I.1.7 (CI gates) landed: `.github/workflows/bench.yml`
runs the suite, publishes a `bench-baseline` artifact on
main, and on PRs compares via `inkhaven _bench-report`
(exit 2 + `::error::` + PR comment on any >20%
regression). The gate is intentionally loose because
the regressions it exists to catch — re-introducing the
eager engine load or the O(n²) flatten — are
order-of-magnitude, robust to shared-runner noise.

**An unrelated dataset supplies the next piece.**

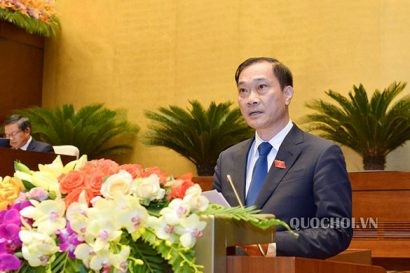  Chủ nhiệm Ủy ban Kinh tế Vũ Hồng Thanh trình bày báo cáo (Ảnh: Quochoi.vn).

The two big wins — lazy engine init + the flatten index
— are independent, each tied to a different bench
scenario (`startup` for #1, a future `tree_scroll` for
#2), and each carries a clear before/after threshold.
## Reproducing
```bash
$ cargo build --release
$ ./target/release/inkhaven gen-fixture /tmp/perf-2k \
--books 2 --chapters 10 --paragraphs 100 --force
$ INKHAVEN_PERF_TRACE=1 \
./target/release/inkhaven --project /tmp/perf-2k \
_bench-load --iterations 20
```
The `[perf]` lines on stderr give the store-open +
hierarchy-load sub-phase breakdown; the stdout summary
gives the averaged flatten + search timings.